Les sacrifices sanglants sont interdits, et le christianisme est proclamé seule religion  officielle de l'empire en 392.

Le mithraïsme et les pratiques occultes sont alors définitivement rejetées.

Ce que l'on peut conclure de tout ça, c'est que la magie est partout dans le monde antique.

Même si elle est officiellement dénigrée, et pratiquée à l'abri des regards, elle  n'est pas fondamentalement différente de la religion. Even if it is officially denigrated, and practiced out of sight, it is not fundamentally different from religion.

Les deux pratiques partent de croyances communes et s'entremêlent. The two practices are based on shared beliefs and are intertwined.

La magie en fait, c'est simplement exagérer à l'extrême des rituels religieux, pour  essayer de contraindre des divinités, ce que ne fait pas le rite religieux, qui demande  de l'aide aux dieux, mais qui leur témoigne toujours un prudent respect.

La magie, comme la religion, vient régler des affaires sociales, là où la méthode  classique a échoué. Magic, like religion, resolves social issues where conventional methods have failed.

Les Romains tolèrent donc les pratiques magiques, comme tout le reste, tant que ça ne trouble  pas l'ordre public, tant qu'il n'y a pas mort d'homme, pas de raison d'empêcher  quoi que ce soit. The Romans therefore tolerated magical practices, like everything else, as long as they didn't disturb public order, as long as no one died, and as long as there was no reason to prevent anything.

La diffusion du christianisme va bouleverser cet équilibre, mais les pratiques perdurent  tout de même jusqu'au Moyen ge, en se transformant.

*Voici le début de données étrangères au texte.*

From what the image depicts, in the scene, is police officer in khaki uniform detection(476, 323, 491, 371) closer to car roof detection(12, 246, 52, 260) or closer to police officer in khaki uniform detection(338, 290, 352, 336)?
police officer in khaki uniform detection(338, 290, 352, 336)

The spread of Christianity upset this balance, but practices continued to evolve and change well into the Middle Ages.

L'écriture, largement diffusée dans la société civile romaine, va se perdre puisqu'elle  est monopolisée par les religieux.

Les sortilèges et les malédictions sont alors réalisés avec des formules orales  ou des figurines.

Finalement, ces objets archéologiques nous permettent de nuancer un peu la vision traditionnelle  d'une Antiquité assez rationnelle, peuplée de philosophes et de savants ; Mais ça nous  permet aussi de nuancer un Moyen ge plus mystique et obscur.

La magie et les pratiques occultes sont bien présentes partout dans l'Empire romain  et les fameux sorciers du Moyen ge ne sont que les héritiers des mages de l'Antiquité.

Merci à tous d'avoir suivi cet épisode préparé avec Lucas Pacotte ! Un grand merci également à l'INRAP pour ce superbe partenariat qui permet de pousser un peu d'archéologie  sur la chaîne.

Comme vous le voyez, on trouve de nombreuses choses en fouillant et si vous avez envie  vous aussi de découvrir ce patrimoine, le mieux pour le faire et être sûr de ne rien  détruire, c'est d'être accompagné par des pros ! Alors sachez que chaque année,  l'INRAP organise, sous l'autorité du ministère de la Culture, les journées européennes  de l'Archéologie qui vous permettent d'en savoir plus sur le métier d'archéologue  mais aussi de visiter certains sites archéologiques voir même des fouilles ! Cette année 2021  c'est le 18/19/20 juin mais ça revient tous les ans.

C'est une occasion assez unique et si ça vous intéresse c'est sur tout le territoire,  donc il y a moyen qu'il y ai des événements près de chez vous ! Retrouvez tout le programme  de ces journées sur journees-archeologie.fr . Je vous mets un lien en description si vous  voulez en savoir plus et si vous avez déjà participé à ce genre d'initiatives, n'hésitez  pas à nous le dire en commentaire pour motiver les autres !

On se retrouve très bientôt sur Nota Bene pour de nouvelles vidéos, ciao ! See you soon on Nota Bene for new videos, ciao!